After a meeting with UN Secretary General Ban Ki-moon last week, Turkish Cypriot leader Mustafa Akinci said that he expected substantial progress “within months, not years” of the suspended talks.
President Nicos Anastasiades hosted Akinci to their joint home town of Limassol on Monday night for a performance of a Turkish Cypriot play at the Rialto theatre.
After the play performed by the Turkish Cypriot municipal theatre, entitled “Cyprus: Bittered in Greek, Wounded in Turkish,” Akinci told reporters that “many years ago, when I was Mayor (of northern Nicosia) back in 1987, 28 years ago, the very same theatre group performed a play of Aristophanes called ‘Irini’; it was in the Greek Cypriot side when there was no communication at all, when there weren’t any crossings at all.”
“Tonight I am here with dear friend Nicos and we watched another play which gave us another strong message, that there is no one without any guilt, without any fault. On this island we committed mistakes, both Greeks and Turkish Cypriots. The point is to derive lessons from these past mistakes and build a better future for younger generations,” Akinci said.
Anastasiades told reporters that “the message we received from the play is a strong message. We have to work hard in order to bring peace, and I am committed to do so and Mustafa is committed to do so, and I believe that our people as well are looking for peace.”
Asked if he intends to visit the north to watch a similar play, he replied “yes, it is within my plans. The northern part is a piece of our country, my country and the southern part is a piece of Mustafa’s (country) and every Cypriot’s, therefore I intend to do so.”
The two leaders later were hosted to dinner by Limassol Mayor Andreas Christou.

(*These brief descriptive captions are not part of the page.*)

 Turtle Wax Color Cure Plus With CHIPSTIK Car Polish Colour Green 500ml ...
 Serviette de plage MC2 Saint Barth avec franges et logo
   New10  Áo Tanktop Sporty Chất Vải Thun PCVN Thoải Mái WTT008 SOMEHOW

Talks between Anastasiades and Akinci, have been going well since their first dinner on May 11, the Sapienta Country Analysis said, adding that Anastasiades clearly believes that Akinci is “a man he can do business with” and both sides have made efforts to improve the atmosphere with various gestures.
Two days after Akinci’s election on April 26, Anastasiades announced the transfer of control of certain religious sites to the Evkaf (the centuries-old foundation that traditionally looks after Islamic sites); pledged to hand over the maps of landmines laid in the Pentadaktylos range before the division in 1974; and to employ Turkish-speakers at citizen’s service centres.
During the leaders’ first formal meeting on May 15, Akinci announced that anyone crossing to the north would no longer be required to fill out a visa form.
During their second formal meeting on May 28, the two leaders announced five more CBMs: to increase the number of crossing points (there are currently seven), starting with Lefka in the west and Deryneia in the east; to interconnect the electricity grids; to prevent radio frequency interferences among radio stations; and agreed “on the desirability” of mobile telephone interoperability.
They also agreed to establish equality.
Both sides have played down talk of the “big” CBMs, namely the handover of the uninhabited district of Varosha, the opening of Famagusta port and Ercan/Tymbou airport to international traffic and the lifting by Turkey of embargoes on Republic of Cyprus flagged aircraft and vessels.
“The atmosphere is currently more positive even than at the beginning of the talks between Demetris Christofias and Mehmet Ali Talat in 2008,” the Sapienta report said.
“However, there remain a number of risks to resolving the Cyprus problem. Given the high levels of mistrust on each side, any misstep could quickly turn the mood sour. Moreover, the mainstream media are still in a generally hardline mode,” it concluded.